Welcome to the GEOROC CLI Tool. This tool allows you to access the GEOROC database and extract specific data for your geoscience research.
This program is designed to extract primarily geochemical numerical data through the API, but is flexible enough to be tailored to other needs. It is capable of filtering data based on a number of parameters and exporting them to an easy-to-use CSV file. The current version is designed for flat JSON structures, which means that nested structures are not passed to the CSV file in a structured way.
$ python3 georoc_cli.py --help
___
( __)
( __)_)
( __)__)__)
( _) ___)___)
( _) __)
(_)
/^
^ // \
/ \/ \
/ _ _ \
/ _ \
/ _ GEOROC 2.0 CLI
/ v.0.0.1 \
/ \
usage: python3 georoc_cli.py --sample-option "OPTION" --key "key1" --key "key2"
╔╦╗╦ ╦╔═╗ ╔═╗╔═╗╔═╗╦═╗╔═╗╔═╗ ╔╦╗╔═╗╔╦╗╔═╗╔╗ ╔═╗╔═╗╔═╗
║ ╠═╣║╣ ║ ╦║╣ ║ ║╠╦╝║ ║║ ║║╠═╣ ║ ╠═╣╠╩╗╠═╣╚═╗║╣
╩ ╩ ╩╚═╝ ╚═╝╚═╝╚═╝╩╚═╚═╝╚═╝ ═╩╝╩ ╩ ╩ ╩ ╩╚═╝╩ ╩╚═╝╚═╝
(Geochemistry of Rocks of the Oceans and Continents)
═══════════════════════════════════════════════════════════════════════════════════════════════════════════════════
Here are a few additional notes:
- For an appropriate more advanced use of this CLI programme, pleas use the -m flag
for the manual in this programme. (I expand an appropriate Manuel regularly.)
- To use the CLI program an API key is necessary which must be stored in the script config.py
in the variable "api_key". To get the API key, please contact the DIGIS GEOROC team.
- The Limit parameter refers to the number of SampleIDs.
- It is necessary to use 2 - 3 sample options.
- After executing a command, a file named "georoc_data_{Y-m-d_H-M-S}.csv" is created in the
local folder "Georoc_Datasets" (default) with the data you want to include. If you wish, you can
also specify a desired path. In addition, a duplicate of the dataset is created, which has been
structured, pivoted and the NaN values replaced with zeros.

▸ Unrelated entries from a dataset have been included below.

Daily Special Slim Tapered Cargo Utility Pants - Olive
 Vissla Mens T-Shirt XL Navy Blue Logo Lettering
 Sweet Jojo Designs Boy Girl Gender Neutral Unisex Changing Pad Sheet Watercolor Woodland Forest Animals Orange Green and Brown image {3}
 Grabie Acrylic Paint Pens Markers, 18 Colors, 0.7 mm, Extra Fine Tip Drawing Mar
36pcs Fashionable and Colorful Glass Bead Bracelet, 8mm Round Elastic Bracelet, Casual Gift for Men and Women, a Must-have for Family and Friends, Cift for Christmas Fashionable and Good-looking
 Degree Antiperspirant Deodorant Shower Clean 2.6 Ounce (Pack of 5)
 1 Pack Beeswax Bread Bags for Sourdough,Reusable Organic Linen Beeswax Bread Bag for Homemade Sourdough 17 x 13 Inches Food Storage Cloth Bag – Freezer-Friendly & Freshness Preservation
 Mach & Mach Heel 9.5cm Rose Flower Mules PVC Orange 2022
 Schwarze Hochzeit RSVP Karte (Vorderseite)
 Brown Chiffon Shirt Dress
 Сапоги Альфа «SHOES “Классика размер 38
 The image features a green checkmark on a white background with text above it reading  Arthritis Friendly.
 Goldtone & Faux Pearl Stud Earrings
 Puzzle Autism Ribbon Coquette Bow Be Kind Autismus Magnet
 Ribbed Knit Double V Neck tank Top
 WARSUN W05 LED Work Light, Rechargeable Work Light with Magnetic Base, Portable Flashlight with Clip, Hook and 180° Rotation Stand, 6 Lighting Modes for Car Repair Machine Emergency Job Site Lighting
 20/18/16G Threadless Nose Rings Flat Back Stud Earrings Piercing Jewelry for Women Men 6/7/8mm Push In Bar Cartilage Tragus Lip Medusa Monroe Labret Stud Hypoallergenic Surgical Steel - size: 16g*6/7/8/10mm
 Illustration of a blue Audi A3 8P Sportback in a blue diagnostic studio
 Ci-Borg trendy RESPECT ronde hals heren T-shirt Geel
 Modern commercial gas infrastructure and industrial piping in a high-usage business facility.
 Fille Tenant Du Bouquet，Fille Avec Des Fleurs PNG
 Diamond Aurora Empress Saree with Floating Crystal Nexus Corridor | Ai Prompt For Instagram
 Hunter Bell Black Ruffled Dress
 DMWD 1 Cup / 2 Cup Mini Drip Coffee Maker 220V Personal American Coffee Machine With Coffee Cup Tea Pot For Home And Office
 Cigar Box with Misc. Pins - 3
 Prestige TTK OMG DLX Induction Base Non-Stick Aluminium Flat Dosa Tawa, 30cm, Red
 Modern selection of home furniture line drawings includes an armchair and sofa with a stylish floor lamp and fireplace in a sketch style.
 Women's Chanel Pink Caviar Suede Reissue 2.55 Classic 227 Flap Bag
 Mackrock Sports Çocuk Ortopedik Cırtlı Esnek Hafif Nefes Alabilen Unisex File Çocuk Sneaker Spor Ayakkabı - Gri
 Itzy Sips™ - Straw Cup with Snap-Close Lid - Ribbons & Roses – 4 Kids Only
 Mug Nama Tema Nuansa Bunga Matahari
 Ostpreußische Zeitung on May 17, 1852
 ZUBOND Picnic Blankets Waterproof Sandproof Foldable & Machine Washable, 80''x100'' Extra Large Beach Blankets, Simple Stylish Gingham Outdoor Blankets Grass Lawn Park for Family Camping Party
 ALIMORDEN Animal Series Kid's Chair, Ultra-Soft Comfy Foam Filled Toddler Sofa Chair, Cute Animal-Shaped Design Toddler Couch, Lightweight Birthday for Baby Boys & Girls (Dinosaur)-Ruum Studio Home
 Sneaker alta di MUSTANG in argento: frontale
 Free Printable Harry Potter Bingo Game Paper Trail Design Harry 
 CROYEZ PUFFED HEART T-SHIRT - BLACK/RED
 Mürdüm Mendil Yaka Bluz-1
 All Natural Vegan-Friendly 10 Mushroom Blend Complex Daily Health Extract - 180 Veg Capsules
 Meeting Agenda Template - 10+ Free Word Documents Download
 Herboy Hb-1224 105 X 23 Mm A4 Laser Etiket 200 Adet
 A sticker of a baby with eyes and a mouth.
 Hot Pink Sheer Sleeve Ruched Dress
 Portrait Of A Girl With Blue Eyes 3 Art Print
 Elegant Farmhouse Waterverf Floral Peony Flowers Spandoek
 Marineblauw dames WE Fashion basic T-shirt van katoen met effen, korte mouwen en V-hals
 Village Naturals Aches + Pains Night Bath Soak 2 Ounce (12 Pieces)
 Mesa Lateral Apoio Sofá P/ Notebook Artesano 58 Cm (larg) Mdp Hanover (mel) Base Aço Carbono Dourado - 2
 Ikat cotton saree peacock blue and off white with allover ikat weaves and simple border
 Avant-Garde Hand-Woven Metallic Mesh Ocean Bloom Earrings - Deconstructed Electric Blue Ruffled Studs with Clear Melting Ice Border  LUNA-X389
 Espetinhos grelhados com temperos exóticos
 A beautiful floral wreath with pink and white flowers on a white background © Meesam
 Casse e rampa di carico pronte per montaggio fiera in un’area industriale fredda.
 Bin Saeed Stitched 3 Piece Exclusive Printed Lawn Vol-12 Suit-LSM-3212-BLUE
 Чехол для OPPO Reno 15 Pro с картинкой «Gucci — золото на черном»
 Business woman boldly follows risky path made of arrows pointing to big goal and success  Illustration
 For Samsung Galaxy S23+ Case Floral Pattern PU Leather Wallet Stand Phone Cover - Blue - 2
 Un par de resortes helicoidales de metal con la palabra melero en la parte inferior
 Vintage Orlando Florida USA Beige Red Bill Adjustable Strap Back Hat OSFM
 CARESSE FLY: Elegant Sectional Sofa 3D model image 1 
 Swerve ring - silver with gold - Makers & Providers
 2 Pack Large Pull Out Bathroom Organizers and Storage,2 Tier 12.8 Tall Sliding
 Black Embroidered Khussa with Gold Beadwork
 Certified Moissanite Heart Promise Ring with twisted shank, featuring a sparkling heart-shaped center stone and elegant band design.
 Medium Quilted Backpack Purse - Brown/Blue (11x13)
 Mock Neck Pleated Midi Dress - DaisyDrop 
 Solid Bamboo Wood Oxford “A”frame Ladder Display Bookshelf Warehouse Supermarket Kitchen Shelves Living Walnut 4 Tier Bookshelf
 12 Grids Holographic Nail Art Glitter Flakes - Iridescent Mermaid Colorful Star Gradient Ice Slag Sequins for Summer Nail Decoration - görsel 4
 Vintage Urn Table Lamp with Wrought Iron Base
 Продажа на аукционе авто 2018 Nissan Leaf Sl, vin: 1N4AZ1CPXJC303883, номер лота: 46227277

- All parameters for the sample flags must be written in capital letters.
- All parameters for the JSON keys must be written as they were stored in the directory.
Here is the possibility to simply copy and paste them as desired.
Here is an example command:
python3 georoc_cli.py \\
--limit "3" \\
--location1 "EAST AFRICAN RIFT" \\
--location2 "ETHIOPIAN RIFT" \\
--setting "RIFT VOLCANICS" \\
--key Item_Name \\
--key Values \\
--key Units \\
--key Longitude \\
--key Latitude
Information about the current version:
- The first version is designed to extract primarily geochemical numerical data through the API.
In the command example above, you can see from the --key flags that this works well.
- If you only want the data for a specific publication, you can use the --doi filter parameter, which works well.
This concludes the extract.